A raíz de la aplicación del artículo 155 de la Constitución
Española, y de las voces que se oyeron tildando los acuerdos que tomó el
Gobierno bajo su amparo de medidas fascistas, y equiparándolas con
actuaciones propias del régimen del fallecido Dictador, se alzaron algunas voces
que discrepaban. Entre ellas debo destacar, por el respeto personal que me
merecen, las de los históricos comunistas Paco Frutos y Nicolás Sartorius.
Ambos coincidían en que las circunstancias actuales no eran
en modo alguno comparables con las que imperaban con Franco en el poder. Hasta
aquí estoy, en principio, de acuerdo ya que no hay pena de muerte, no se
tortura en las dependencias policiales, cualquier detenido recibe asistencia
legal, y hay una larga lista de derechos civiles adquiridos, normalmente por la
lucha de los activistas, que hoy en días son incuestionables.
Decía Sartorius que a él le condenaron a ocho años de cárcel
por repartir octavillas políticas. Hoy en día esa es una actividad legal,
siempre que tengas un permiso municipal. Pero, si no lo tienes, lo máximo que
puede pasar es que te las requisen, o que sufras una sanción económica. Pero, ¿Es
tan idílica la situación? No voy a calificarla yo, pero, cuando existe una “Ley
mordaza”, los humoristas son perseguidos judicialmente, los titiriteros son
detenidos, y los llamados “delitos de odio” son tan indefinidos que casi
cualquier crítica puede considerarse como tal, no creo que sea el tiempo
presente un dechado de libertades personales.
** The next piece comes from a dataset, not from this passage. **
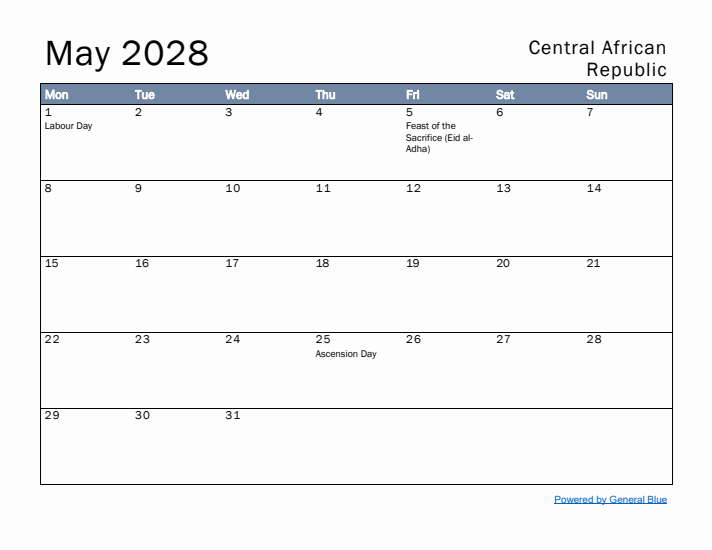 May 2028 Simple Monthly Calendar for Central African Republic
Sin embargo, siendo grave el deterioro de los derechos civiles
(de los sociales ya he hablado múltiples veces), es más grave aún, a mi
parecer, la vulneración sistemática del principio de voluntad del llamado pueblo soberano.
Una democracia parlamentaria representativa, como,
nominalmente, es la nuestra, tiene que basarse en que el Ejecutivo tiene que
responder ante los parlamentarios, que son la representación del pueblo. Por
tanto, si la opinión del Ejecutivo prevalece sobre los parlamentarios, e,
incluso, si éste desoye clamorosamente los dictámenes que emanan del pueblo a
través de sus representantes, se diga lo que se diga, se disfrace como se
disfrace, se excuse en lo que se excuse, la forma de gobierno no es una Democracia
representativa, ya que el Ejecutivo no tiene en cuenta a los representados, y la
forma de Gobierno se convierte, en simple y llanamente, en una
Dictadura. Dictadura que podemos llamar atípica, ya que está sujeta a
elecciones periódicas, que no es sangrienta, cuya represión está limitada, y
que mantiene una mayoría de las libertades personales, pero que no respeta la
voluntad de los representados.
¿Cuántas decisiones del Congreso de Diputados no se han
llegado a plasmar, unas por cuestiones de estabilidad parlamentaria, y otras por
diferentes causas que, al fin y al cabo, sólo eran triquiñuelas legales para no
aceptarlas?
Pero, además de esta razón, que ya es lo suficientemente
grave, está la no asunción sistemática de responsabilidades políticas ante
hechos cuestionables, cuando no
directamente delictivos ¿Alguien concibe un gobierno británico con el partido
que le da apoyo siendo juzgado por beneficiarse a título económico?, ¿Alguien
piensa que un partido francés se podría mantener en el Gobierno tras múltiples
acusaciones de financiación ilegal de sus campañas electorales? En serio se
puede creer que en cualquiera de los Países Escandinavos se hubiese investigado
al Gobierno por un tema penal, y si hubiese tardado más de un segundo en
dimitir la oposición en pleno no hubiese tomado las medidas legales señaladas
en la constitución del país para echarlos a patadas.
Vivimos en una Dictadura, o, si quieren, en una
“Dictablanda”, como se le denominó al régimen que substituyó al del General
Primo de Rivera, pero en un país donde no se respetan las decisiones del
Parlamento, salvo que éstas sean beneficiosas para el PP y su Gobierno. Sin
embargo, no hay que echarle toda la responsabilidad a este último partido, tan
culpable como ellos son el resto de las asociaciones políticas que, por
intereses partidistas, no ponen coto a la anómala situación. Y, en última
instancia, somos responsables todos los votantes que no exigimos que, de una
vez por todas, se acabe con la corrupción que nos arruina económica y éticamente.